Deregulation introduces competition among utilities - either competition for customers or for deals from electricity suppliers. Mergers are creating energy conglomerates that span multistate regions, and expand into natural-gas production and other ventures, leaving the regulated business as an increasingly smaller portion of revenue. Both increase the stock's potential return and risk of volatility.
Progress has resisted those trends. The company is sticking to a fundamental business strategy that has worked for a century: making and selling electricity.
The announcement of the $11 billion acquisition of Constellation Energy Group by the parent of Florida Power & Light leaves one fewer investing option for those looking for the safe stock-market bet that utilities once represented.
"FPL will fall into another investor profile - no question about that," said Progress Energy's chief executive, Robert McGehee. "The people who are holding them fill a particular investment niche."
Those investors could migrate to Progress, Southern Company or a handful of others that remain unchanged, McGehee said.
"Over the long term, it could have some benefit" for Progress Energy, McGehee said.
In a noncompetitive environment, what competition existed between regulated utilities was primarily for the heart and mind of the investor.
"When we talk to people who hold our stock, we're competing primarily with Southern Company and FPL for their money," McGehee said.
The FPL and Constellation deal will create one of the nation's largest power producers. It is the first announced acquisition since Congress repealed a 1935 law limiting utility mergers. The repeal of the antitrust law only accelerates a trend that was well under way. In two other recent megadeals, Duke Energy in Charlotte is buying Cincinnati-based Cinergy for $9 billion, and Exelon is acquiring New Jersey's Public Service Enterprise Group for $16 billion.
About 80 percent of Progress' revenues come from the regulated business. For the new Constellation Energy Group, the regulated business will represent less than half the company's sales.

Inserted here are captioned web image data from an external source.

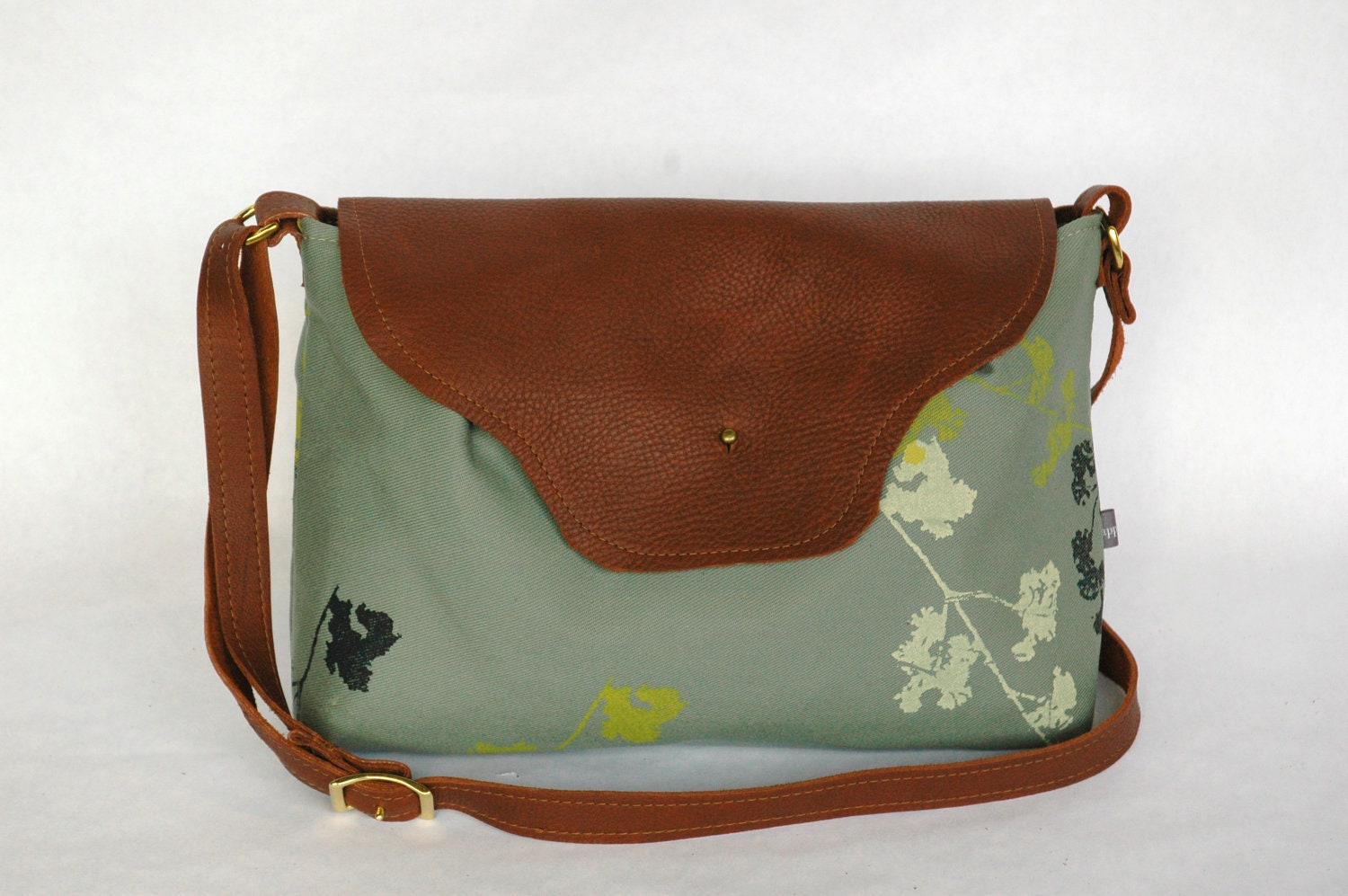 Nina Leather Flap Bag Smokey Teal Canvas with Wildwood Print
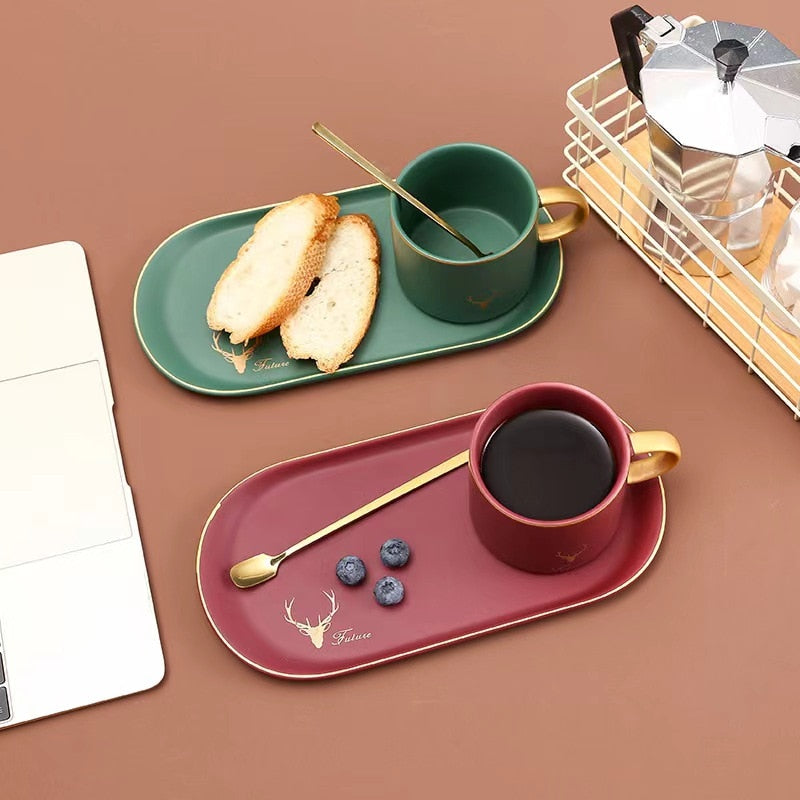 Gold Rim Ceramics Coffee Cups Set With Gift Box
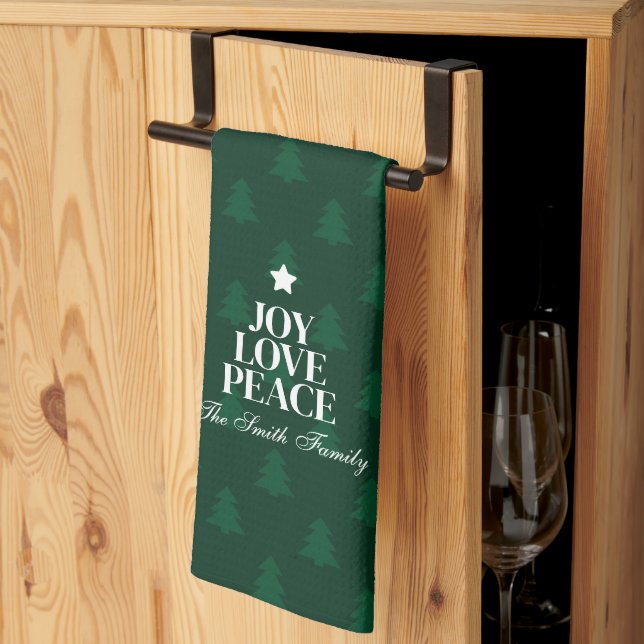 Linge De Cuisine Joy Love Peace Christmas Tree Green Pattern (Pliage en tiers)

The upheaval in the utility sector has taken place in the past 15 years. Half the nation is served by restructured utilities, making regulated utilities such as Progress look like relics of the stock market. Progress has strong customer growth, pays an annual dividend of $2.42 per share and serves a state untouched by deregulation.
"They are kind of unique," said Caren Byrd, executive director of Morgan Stanley's Investment Banking Division. "There are not a lot of places to go for yield."